在代碼中有一個名爲clean_up的助手函數,下面是我的代碼。我想知道我需要修復,添加或刪除它以使其工作。代碼運行但不符合合同中的前提條件

def clean_up(s): 
    """ (str) -> str 

    Return a new string based on s in which all letters have been 
    converted to lowercase and punctuation characters have been stripped 
    from both ends. Inner punctuation is left untouched. 

    >>> clean_up('Happy Birthday!!!') 
    'happy birthday' 
    >>> clean_up("-> It's on your left-hand side.") 
    " it's on your left-hand side" 
    """ 

    punctuation = """!"',;:.-?)([]<>*#\n\t\r""" 
    result = s.lower().strip(punctuation) 
    return result 


########## Complete the following functions. ############ 

def type_token_ratio(text): 
    """ (list of str) -> float 

    Precondition: text is non-empty. Each str in text ends with \n and 
    text contains at least one word. 

    Return the Type Token Ratio (TTR) for this text. TTR is the number of 
    different words divided by the total number of words. 
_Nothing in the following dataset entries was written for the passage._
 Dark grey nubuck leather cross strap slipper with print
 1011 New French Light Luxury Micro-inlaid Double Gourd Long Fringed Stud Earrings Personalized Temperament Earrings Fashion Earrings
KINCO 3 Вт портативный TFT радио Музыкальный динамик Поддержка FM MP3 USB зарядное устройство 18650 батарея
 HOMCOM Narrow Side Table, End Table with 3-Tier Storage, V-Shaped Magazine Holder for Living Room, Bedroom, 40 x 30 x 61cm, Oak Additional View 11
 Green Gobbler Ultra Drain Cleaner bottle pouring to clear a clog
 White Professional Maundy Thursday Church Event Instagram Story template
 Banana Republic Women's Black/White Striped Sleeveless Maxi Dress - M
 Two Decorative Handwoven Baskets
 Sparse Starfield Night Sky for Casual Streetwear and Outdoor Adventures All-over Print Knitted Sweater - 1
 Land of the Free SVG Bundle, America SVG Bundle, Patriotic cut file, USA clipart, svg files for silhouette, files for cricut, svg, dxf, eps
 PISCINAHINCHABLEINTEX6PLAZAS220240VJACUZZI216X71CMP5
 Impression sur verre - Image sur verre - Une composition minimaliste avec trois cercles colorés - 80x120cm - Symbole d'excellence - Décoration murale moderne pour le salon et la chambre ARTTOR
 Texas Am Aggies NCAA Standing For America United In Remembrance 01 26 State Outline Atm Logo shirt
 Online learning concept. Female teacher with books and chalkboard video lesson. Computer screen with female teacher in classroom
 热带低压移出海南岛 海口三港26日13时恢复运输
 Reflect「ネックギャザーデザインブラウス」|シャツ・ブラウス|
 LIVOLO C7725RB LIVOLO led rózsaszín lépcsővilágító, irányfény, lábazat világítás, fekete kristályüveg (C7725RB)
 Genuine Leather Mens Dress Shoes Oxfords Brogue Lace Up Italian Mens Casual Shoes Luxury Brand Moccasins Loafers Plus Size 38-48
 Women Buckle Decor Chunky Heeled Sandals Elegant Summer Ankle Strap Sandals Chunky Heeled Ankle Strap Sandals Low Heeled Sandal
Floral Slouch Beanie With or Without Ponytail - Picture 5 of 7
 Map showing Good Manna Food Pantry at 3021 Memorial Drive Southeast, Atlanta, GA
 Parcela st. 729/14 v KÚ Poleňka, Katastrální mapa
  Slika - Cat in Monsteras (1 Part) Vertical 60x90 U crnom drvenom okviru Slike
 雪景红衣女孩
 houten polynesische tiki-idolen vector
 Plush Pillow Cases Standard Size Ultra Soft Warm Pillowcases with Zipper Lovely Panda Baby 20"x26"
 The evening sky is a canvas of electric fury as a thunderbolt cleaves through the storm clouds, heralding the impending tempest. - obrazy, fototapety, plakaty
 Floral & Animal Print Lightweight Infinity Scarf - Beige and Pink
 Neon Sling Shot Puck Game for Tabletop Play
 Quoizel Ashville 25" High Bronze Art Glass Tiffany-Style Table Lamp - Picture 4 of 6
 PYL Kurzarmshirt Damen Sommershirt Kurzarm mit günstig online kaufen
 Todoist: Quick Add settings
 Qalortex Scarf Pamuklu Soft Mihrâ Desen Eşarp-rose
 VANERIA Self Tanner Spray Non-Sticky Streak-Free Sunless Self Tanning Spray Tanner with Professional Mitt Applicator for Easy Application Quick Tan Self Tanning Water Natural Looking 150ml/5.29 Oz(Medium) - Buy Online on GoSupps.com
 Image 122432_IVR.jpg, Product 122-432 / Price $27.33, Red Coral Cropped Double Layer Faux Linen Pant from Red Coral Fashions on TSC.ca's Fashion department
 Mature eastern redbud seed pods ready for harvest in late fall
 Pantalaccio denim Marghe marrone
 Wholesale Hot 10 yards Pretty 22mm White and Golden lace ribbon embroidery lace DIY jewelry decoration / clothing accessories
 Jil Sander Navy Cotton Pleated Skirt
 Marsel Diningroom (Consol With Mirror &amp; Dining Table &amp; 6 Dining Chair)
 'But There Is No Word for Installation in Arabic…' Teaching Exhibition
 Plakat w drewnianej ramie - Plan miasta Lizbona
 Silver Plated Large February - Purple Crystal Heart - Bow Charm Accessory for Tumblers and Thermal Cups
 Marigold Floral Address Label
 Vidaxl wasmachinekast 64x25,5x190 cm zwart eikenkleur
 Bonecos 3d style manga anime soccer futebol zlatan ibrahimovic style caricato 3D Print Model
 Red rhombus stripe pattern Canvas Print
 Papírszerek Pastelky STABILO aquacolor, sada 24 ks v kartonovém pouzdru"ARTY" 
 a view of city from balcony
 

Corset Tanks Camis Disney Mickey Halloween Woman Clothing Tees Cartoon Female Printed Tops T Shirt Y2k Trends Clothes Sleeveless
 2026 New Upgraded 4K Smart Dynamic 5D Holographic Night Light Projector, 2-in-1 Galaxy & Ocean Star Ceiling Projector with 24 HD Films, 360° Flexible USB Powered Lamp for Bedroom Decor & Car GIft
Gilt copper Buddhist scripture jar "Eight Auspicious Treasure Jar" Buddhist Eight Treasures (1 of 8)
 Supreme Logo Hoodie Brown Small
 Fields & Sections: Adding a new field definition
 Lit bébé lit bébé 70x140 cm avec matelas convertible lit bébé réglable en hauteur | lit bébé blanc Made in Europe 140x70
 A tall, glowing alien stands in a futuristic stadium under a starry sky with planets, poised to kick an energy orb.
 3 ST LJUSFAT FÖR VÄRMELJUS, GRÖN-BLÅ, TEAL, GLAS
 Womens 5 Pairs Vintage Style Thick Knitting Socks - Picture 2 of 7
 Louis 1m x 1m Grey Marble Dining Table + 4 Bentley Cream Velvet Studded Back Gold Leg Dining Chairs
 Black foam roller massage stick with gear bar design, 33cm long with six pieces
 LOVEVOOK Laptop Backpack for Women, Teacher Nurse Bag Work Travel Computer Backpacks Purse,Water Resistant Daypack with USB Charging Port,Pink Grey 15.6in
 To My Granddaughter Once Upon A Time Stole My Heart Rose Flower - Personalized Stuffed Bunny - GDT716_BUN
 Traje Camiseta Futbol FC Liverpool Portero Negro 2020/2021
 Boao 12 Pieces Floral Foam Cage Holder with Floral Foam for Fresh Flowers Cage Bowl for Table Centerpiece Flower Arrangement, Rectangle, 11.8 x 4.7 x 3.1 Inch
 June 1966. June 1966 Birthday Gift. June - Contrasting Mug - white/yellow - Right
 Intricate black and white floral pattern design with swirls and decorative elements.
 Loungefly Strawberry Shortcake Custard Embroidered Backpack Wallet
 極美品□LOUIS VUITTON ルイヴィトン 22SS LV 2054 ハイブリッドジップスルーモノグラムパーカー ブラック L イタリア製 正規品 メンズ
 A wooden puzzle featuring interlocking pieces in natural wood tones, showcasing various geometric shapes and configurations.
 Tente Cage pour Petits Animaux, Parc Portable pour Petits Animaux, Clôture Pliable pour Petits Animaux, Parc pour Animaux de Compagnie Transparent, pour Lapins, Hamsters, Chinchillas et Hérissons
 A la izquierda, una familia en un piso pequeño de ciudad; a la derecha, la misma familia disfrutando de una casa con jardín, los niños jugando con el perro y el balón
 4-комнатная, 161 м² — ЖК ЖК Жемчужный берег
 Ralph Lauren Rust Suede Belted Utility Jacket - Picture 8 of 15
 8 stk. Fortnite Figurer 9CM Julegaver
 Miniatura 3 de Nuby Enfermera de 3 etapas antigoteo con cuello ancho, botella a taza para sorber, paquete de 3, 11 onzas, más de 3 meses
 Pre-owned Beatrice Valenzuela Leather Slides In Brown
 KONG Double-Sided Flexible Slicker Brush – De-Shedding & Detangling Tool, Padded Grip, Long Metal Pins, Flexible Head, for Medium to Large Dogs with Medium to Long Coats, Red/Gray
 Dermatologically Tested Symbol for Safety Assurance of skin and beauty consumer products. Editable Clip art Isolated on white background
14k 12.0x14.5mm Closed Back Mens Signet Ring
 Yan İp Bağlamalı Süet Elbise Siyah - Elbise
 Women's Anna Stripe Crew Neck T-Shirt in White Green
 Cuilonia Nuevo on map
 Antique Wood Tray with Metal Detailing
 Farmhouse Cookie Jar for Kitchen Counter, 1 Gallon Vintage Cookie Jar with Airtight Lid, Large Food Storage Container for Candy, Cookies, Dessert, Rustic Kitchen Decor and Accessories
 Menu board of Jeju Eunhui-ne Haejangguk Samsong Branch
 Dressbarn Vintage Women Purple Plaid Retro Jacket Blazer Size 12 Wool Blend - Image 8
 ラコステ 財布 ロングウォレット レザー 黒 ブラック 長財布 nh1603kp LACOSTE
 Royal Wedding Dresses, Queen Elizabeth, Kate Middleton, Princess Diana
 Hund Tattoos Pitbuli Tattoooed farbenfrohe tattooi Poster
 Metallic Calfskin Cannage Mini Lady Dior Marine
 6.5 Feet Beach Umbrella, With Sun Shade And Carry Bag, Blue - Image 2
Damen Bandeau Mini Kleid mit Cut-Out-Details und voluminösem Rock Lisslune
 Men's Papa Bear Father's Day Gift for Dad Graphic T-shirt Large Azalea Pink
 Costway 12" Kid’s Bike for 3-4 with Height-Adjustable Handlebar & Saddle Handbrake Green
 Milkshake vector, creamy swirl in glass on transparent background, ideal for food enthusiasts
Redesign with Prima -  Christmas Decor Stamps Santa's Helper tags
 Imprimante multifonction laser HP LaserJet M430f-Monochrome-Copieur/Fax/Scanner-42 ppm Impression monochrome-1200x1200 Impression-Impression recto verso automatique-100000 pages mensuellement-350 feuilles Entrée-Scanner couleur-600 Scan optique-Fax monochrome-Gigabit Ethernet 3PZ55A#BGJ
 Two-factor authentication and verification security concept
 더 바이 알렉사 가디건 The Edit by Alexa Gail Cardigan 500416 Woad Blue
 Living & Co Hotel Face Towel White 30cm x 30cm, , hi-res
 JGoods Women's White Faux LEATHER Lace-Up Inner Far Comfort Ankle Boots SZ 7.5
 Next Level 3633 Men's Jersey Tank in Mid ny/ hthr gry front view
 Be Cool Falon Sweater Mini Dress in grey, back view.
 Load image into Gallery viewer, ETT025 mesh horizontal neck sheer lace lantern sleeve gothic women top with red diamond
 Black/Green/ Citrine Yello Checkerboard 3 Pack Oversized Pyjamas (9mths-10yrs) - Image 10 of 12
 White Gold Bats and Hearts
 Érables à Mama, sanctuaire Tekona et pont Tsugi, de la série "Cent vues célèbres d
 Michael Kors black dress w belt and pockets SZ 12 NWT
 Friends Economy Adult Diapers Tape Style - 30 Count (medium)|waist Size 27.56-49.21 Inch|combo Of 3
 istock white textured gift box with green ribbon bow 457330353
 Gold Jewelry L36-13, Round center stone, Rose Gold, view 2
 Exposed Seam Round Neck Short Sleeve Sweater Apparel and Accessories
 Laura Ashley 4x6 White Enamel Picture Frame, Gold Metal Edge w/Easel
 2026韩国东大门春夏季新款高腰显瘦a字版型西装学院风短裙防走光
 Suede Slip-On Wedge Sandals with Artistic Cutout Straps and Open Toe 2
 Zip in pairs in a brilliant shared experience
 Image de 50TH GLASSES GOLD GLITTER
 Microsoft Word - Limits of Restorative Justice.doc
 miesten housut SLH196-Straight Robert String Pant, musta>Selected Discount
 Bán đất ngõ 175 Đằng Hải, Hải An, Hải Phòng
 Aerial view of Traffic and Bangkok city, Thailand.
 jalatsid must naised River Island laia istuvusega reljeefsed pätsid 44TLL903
    >>> text = ['James Fennimore Cooper\n', 'Peter, Paul, and Mary\n', 
     'James Gosling\n'] 
    >>> type_token_ratio(text) 
    0.8888888888888888 
    """ 

    # To do: Fill in this function's body to meet its specification. 

    distinctwords = dict() 
    words = 0 
    for line in text.splitlines(): 
     line = line.strip().split() 
     for word in line: 
      words+=1 
      if word in distinctwords: 
       distinctwords[word]+=1 
      else: 
       distinctwords[word]=1 
    TTR= len(distinctwords)/words 
    return TTR 
+0

什麼問題? – 2014-11-02 22:52:02

+0

我問我的老師,但他沒有向我解釋,他說這樣做符合前提條件,但我的代碼運行,所以我很困惑。 – JerryMichaels 2014-11-02 22:56:41

回答

0

您的代碼將不能運行,for line in text.splitlines()試圖拆分列表,你需要遍歷傳遞的話叫text的列表,使用collections.defaultdict也將更加高效:

def type_token_ratio(text): 
    from collections import defaultdict 
    distinctwords = defaultdict(int) 
    for words in text: # get each string 
     words = clean_up(words) # clean the string 
     for word in words.split(): # split into individual words 
      distinctwords[word] += 1 # increase the count for each word 
    TTR = len(distinctwords)/sum(distinctwords.values()) # sum(distinctwords.values()) will give total amount of words 
    return TTR 
+0

不用擔心,不客氣 – 2014-11-02 23:34:07